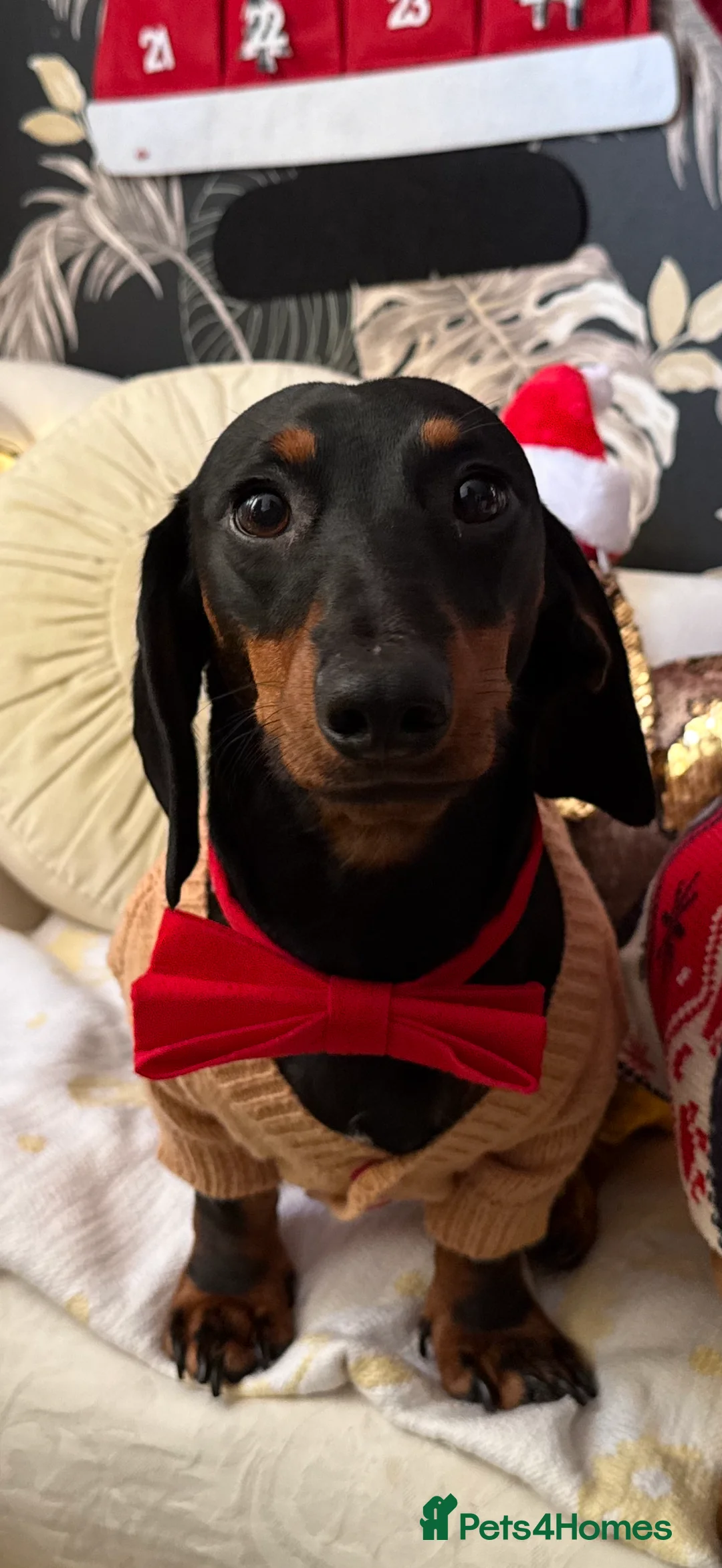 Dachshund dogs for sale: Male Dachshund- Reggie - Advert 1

* * *

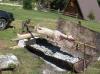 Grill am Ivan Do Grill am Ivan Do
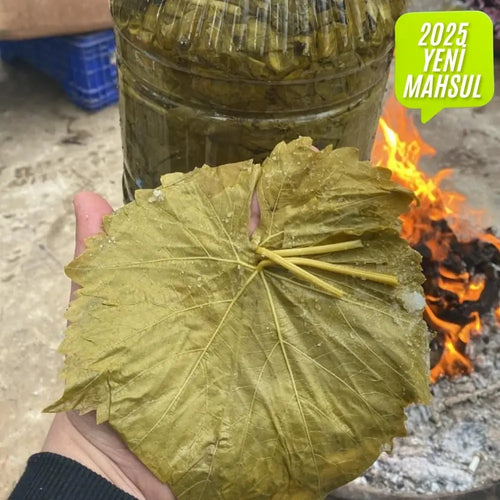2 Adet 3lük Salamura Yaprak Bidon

* * *

(Your task): Pictures aside, return exactly the lines from the data above, starting at the line that has "Grill am Ivan Do Grill am Ivan Do" and ending at the line that has "2 Adet 3lük Salamura Yaprak Bidon", both included.

(The completed task):
 Grill am Ivan Do Grill am Ivan Do
2 Adet 3lük Salamura Yaprak Bidon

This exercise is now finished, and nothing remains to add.